また、上記の用途で使われるフッ化水素と比較して、さらに高純度のフッ化水素は半導体製造工場で不可欠な物質となっており、現代のIT業界や家電業界などを支える重要な存在です。
そのため、フッ化水素は現代の人間社会において極めて重要な物質といえるでしょう。
一方、医薬用外毒物としても指定されるフッ化水素は人体にとって極めて有毒性の高い物質であり、気体を吸引すると様々な症状を引き起こし、皮膚に飛沫が触れただけでも痛みや重度熱傷を引き起こしかねません。
フッ化水素は人体にとって非常に危険な物質であり、常温でも気体や液体に変じるからこそ、排ガス処理設備によって適切に除去・処理することが必要です。
また、フッ化水素は様々な分野や施設で使用されていることから、それぞれの施設や環境に合わせた排ガス処理設備や排ガス装置、排水処理設備を導入しなければなりません。
フッ化水素ガスを処理する排ガス処理設備や排ガス装置には、フッ化水素を含有する排ガスに洗浄液(水)を反応させ、フッ化水素水溶液として除害する水スクラバー式装置などがあります。
実際の排ガス装置導入においては、施設規模や排出されるフッ化水素の濃度、状態といった諸条件を考慮した上でプランニングすることが大切です。
各メーカーで取り扱っているフッ化水素の排ガス処理設備を紹介します。
フッ化水素などを含有する排ガスと、洗浄液を混合し、気液接触によって対象の有害物質や排ガスを除去するシステムです。耐食性を高めるために設備本体や付属品は全てPVCまたはFRP製となっており、導入施設や導入環境に合わせて設計段階からフルカスタマイズしてくれます。

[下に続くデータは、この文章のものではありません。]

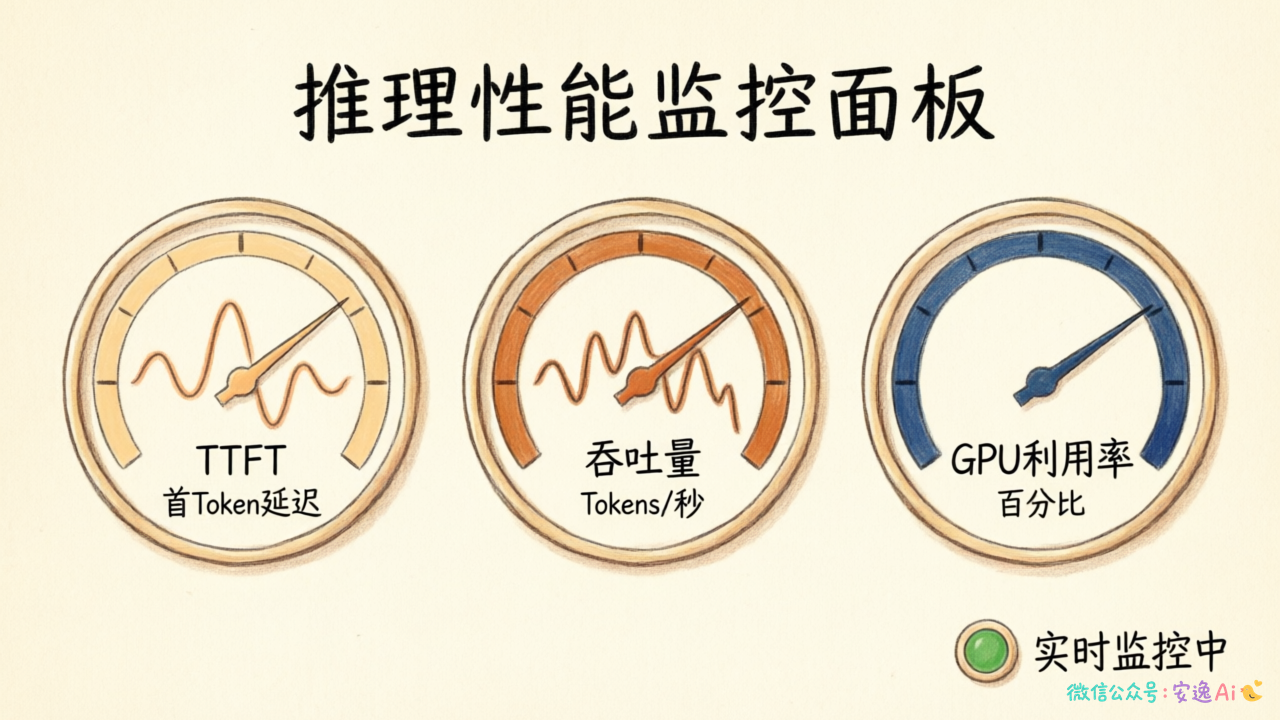 监控指标仪表盘,展示 TTFT、吞吐量、GPU 利用率三个核心指标的实时监控界面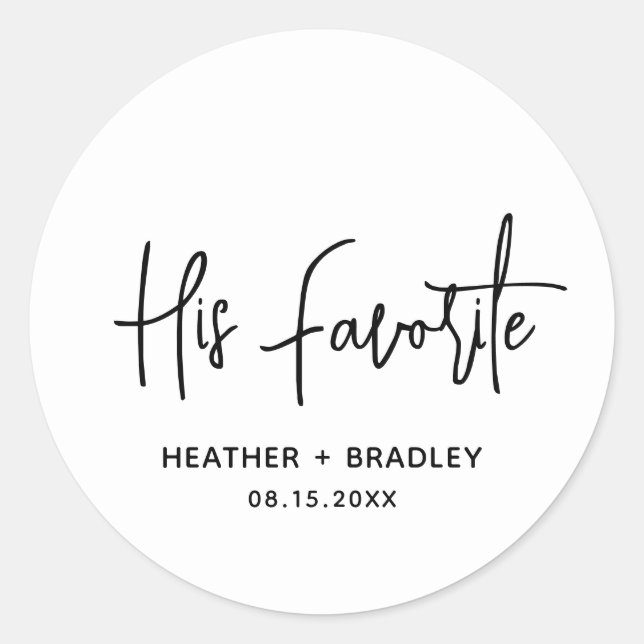 Sticker Rond Mariage moderne minimaliste noir et blanc (Devant)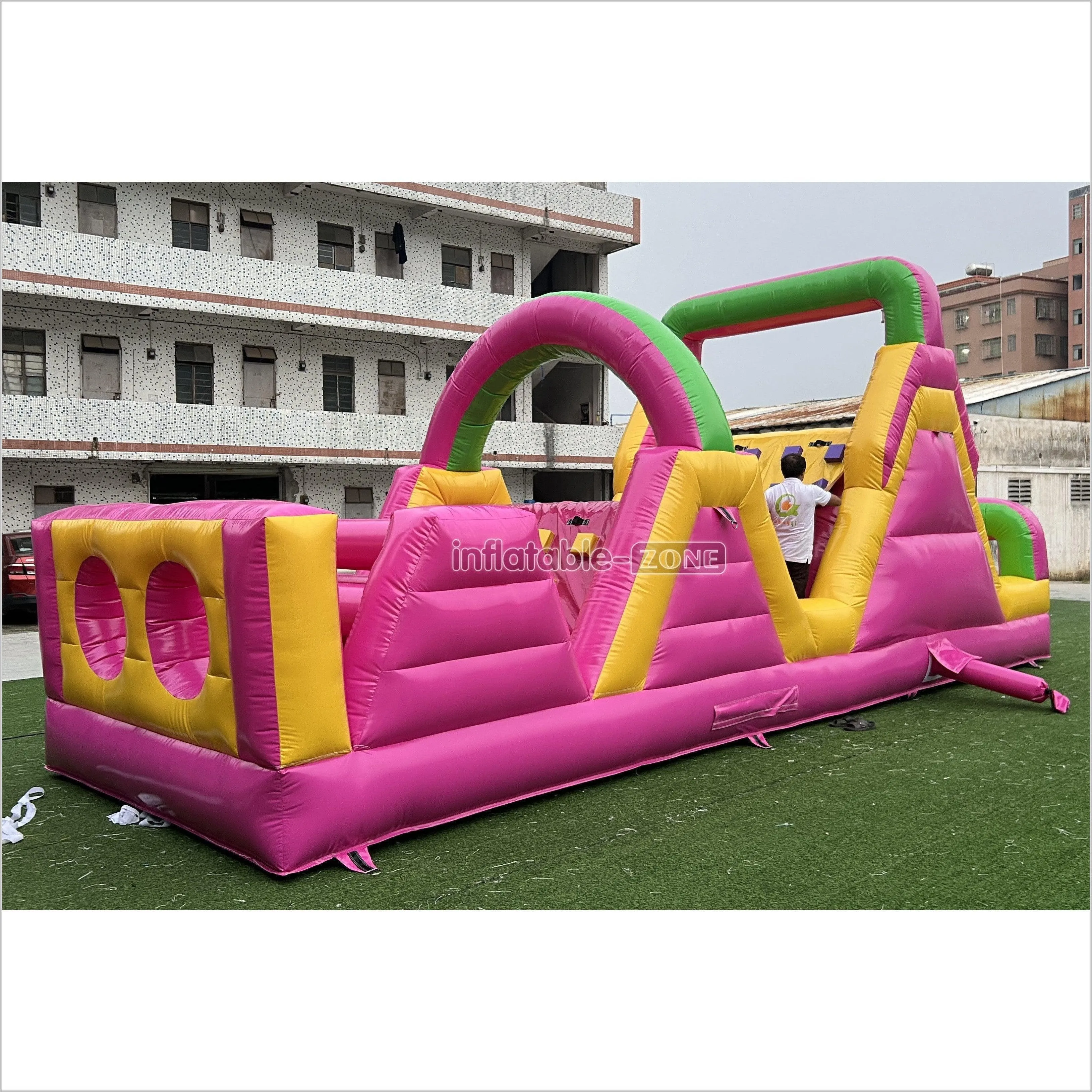 Large Obstacle Course Party Event Energy Challenge Sports Inflatable Obstacle Jumping Castle Bouncer With Slide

ニーズに合わせてフルカスタマイズされるスクラバー式排ガス処理設備です。フッ化水素を含めて塩素やアンモニアなど様々な有害物質に対応しており、長期間の使用を前提として本体部分や部品の材質も、耐食性の高い樹脂や金属によって製造しています。また、排水ミストの除去にはベルギー製のミストセパレーターが採用されています。
半導体製造で利用される少量のフッ化水素だけでなく、液晶製造や太陽電池製造で発生する大流量のフッ化水素にも対応可能な湿式排ガス処理装置です。排ガスを燃焼式除害装置で二酸化ケイ素やフッ化水素に分解し、さらに洗浄液(中和用水酸化ナトリウム水溶液)を気液接触させて除害します。また、フッ素系排水についても併せて処理されます。
フッ化水素は様々な工業分野・産業施設において利用されている化学物質であり、現代の人類社会を維持する上で極めて重要な物質です。一方で人体にとって非常に有害であり、適切な除害装置を導入して処理しなければなりません。
フッ化水素の排ガス処理設備としては水スクラバー式設備などが挙げられますが、排気処理だけでなく、排水処理についても総合的に考えることが必要です。